Error in U.S. prisons law means well-behaved inmates wait longer for release

Inmates walk the hallways during a media tour of the Curran-Fromhold Correctional Facility in Philadelphia, Pennsylvania, August 7, 2015. REUTERS/Mark Makela/File Photo Inmates walk the hallways during a media tour of the Curran-Fromhold Correctional Facility in Philadelphia, Pennsylvania, August 7, 2015. REUTERS/Mark Makela/File Photo

By Sarah N. Lynch

WASHINGTON (Reuters) – U.S. prisoners who were expecting earlier release for good behavior, thanks to a new criminal justice law enacted last month, must keep waiting due to an error in the bill, said activists working with the White House to fix the mistake.

Potentially thousands of inmates could be affected by the error in the First Step Act, signed into law on Dec. 21 by Republican President Donald Trump in a rare example of bipartisanship in Washington, with both Democrats and Republicans backing it.

The law required the Justice Department’s Bureau of Prisons (BOP), among other measures, to retroactively recalculate good behavior credits, a step that had been expected to reduce some inmates’ sentences by as many as 54 days per year.

Previously, inmates could only earn up to 47 days per year toward early release for good behavior.

Advocates of the law expected the bill’s enactment into law meant that several thousand inmates would get their freedom right away, in time for the 2018 holiday season.

But a drafting error in the language of the law has prevented the Justice Department from immediately applying the new method of calculating good-behavior credits, they said.

“You have thousands of families who thought the day this bill passed, their loved ones’ sentence was going to be recalculated and they were going to walk out of their halfway house, their home confinement … or leave prison,” said Kevin Ring, president of Families Against Mandatory Minimums (FAMM).

“It’s a frustrating mistake,” Ring said.

Wyn Hornbuckle, a Justice Department spokesman, said the department is analyzing changes for the law and plans to “carry out all necessary steps.”

Reuters has seen a letter sent to inmates at the Federal Correctional Institution Coleman, a federal prison in Florida, in which officials acknowledged the new good-behavior credits would not take effect yet.

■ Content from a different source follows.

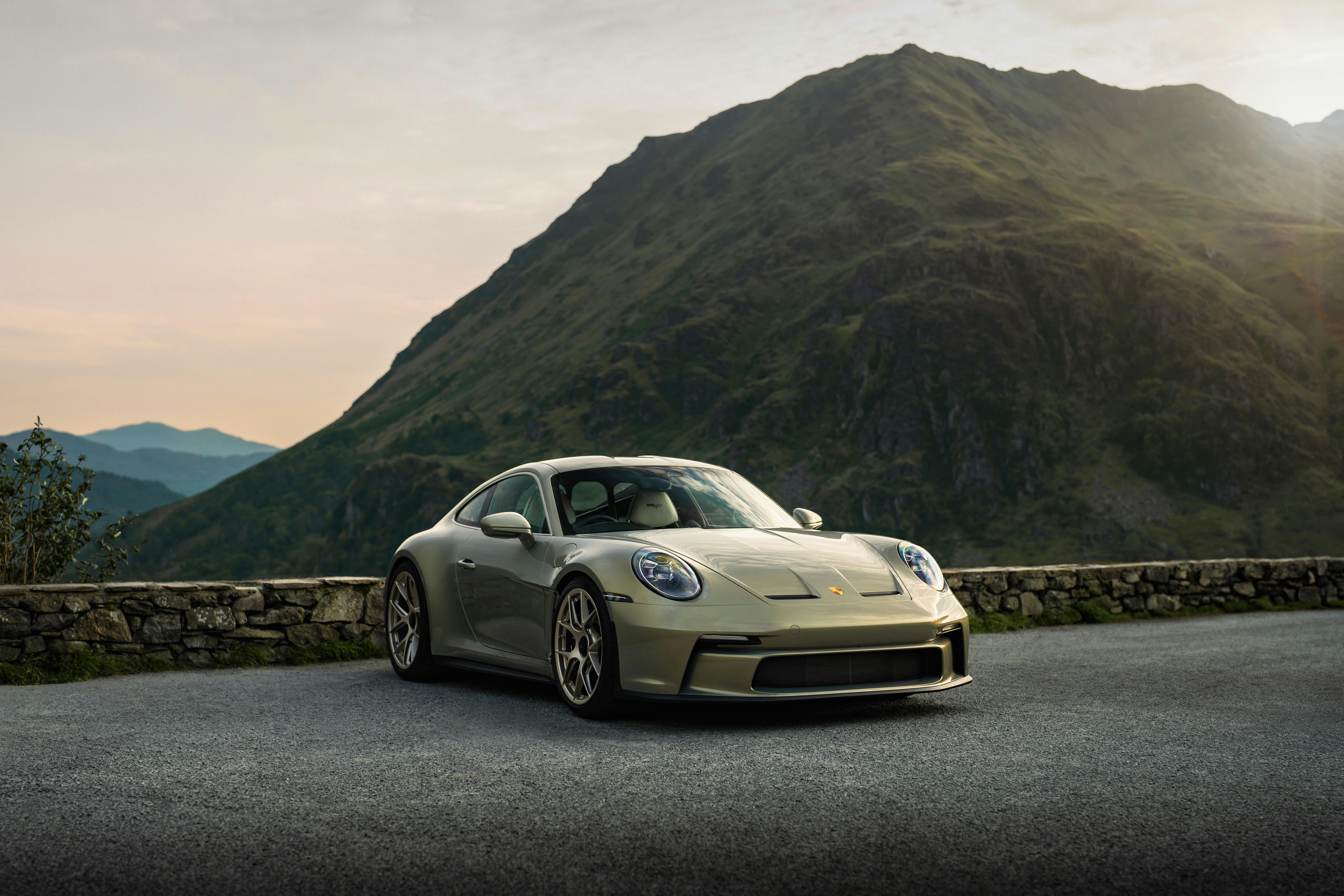 A car parked on the road with a mountain in the background.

“The law will allow BOP in the future to apply 54 days of credit for every year a sentence was imposed, which is a change to the prior law,” the letter says.

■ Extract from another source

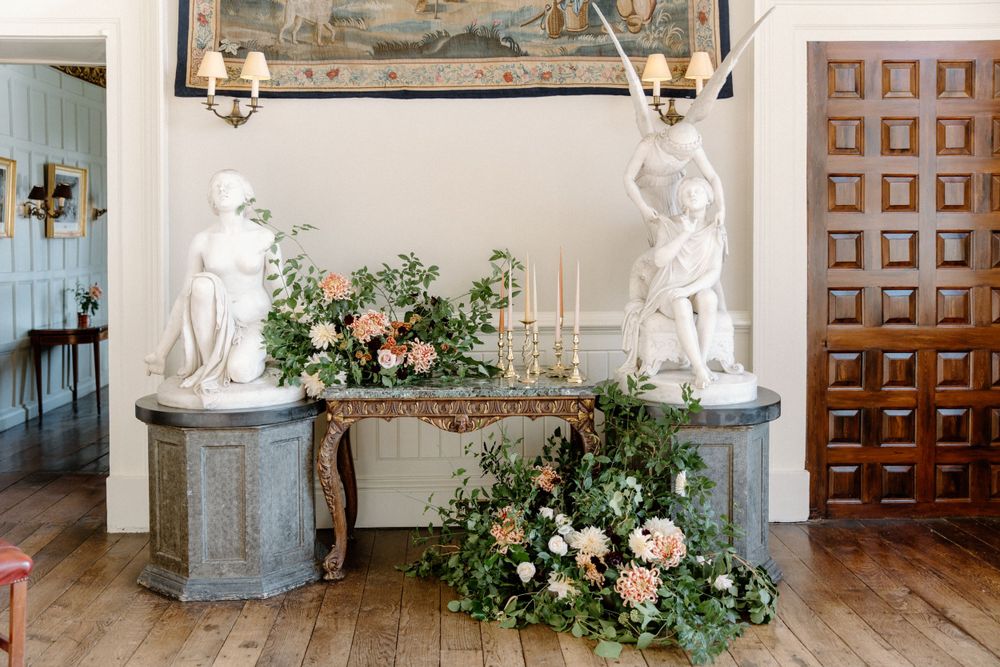 Elegant wedding decor featuring white statues and pink floral arrangements in classic interior.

“While this change may result in additional credit for inmates in the future, it is not effective immediately nor is it applicable to all inmates,” it says.

The White House did not immediately respond to a request for comment.

Activists said the law, as drafted, confused good-behavior credits, which reduce a sentence, with earned-time credits, which do not. Earned-time credits allow certain inmates to qualify for early transfer to halfway houses.

The law also mistakenly said that new rules on good-behavior credits could not kick in until BOP finishes a risk-assessment process for deciding which inmates can get earned-time credits.

Whether the error can be promptly fixed was unclear. A federal judge in Chicago on Jan. 3 denied a prisoner’s request to be released earlier for good behavior, citing the letter of the law.

“This court is not unsympathetic to the apparent inequity of petitioner’s situation,” wrote U.S. District Judge Sharon Johnson Coleman. “This court, however, is obligated to apply the law as it is written.”

Several activists for prisoners told Reuters their groups are working with the White House on whether the Justice Department can find a work-around or if a legislative fix needs to be tucked into a broader spending bill for action by Congress. Ring said his group is also in talks with lawmakers.

The error comes at a difficult time, with the federal government in a partial shutdown. The Justice Department is one of several agencies partially closed because its funding ran out on Dec. 22 and has not been renewed by Congress.

Trump is demanding that any legislation to restore agencies’ funding must include $5.7 billion for a U.S.-Mexico border wall.

With Democrats opposing that demand, little is being accomplished in Congress and 800,000 federal workers are either working without pay or staying home on furlough.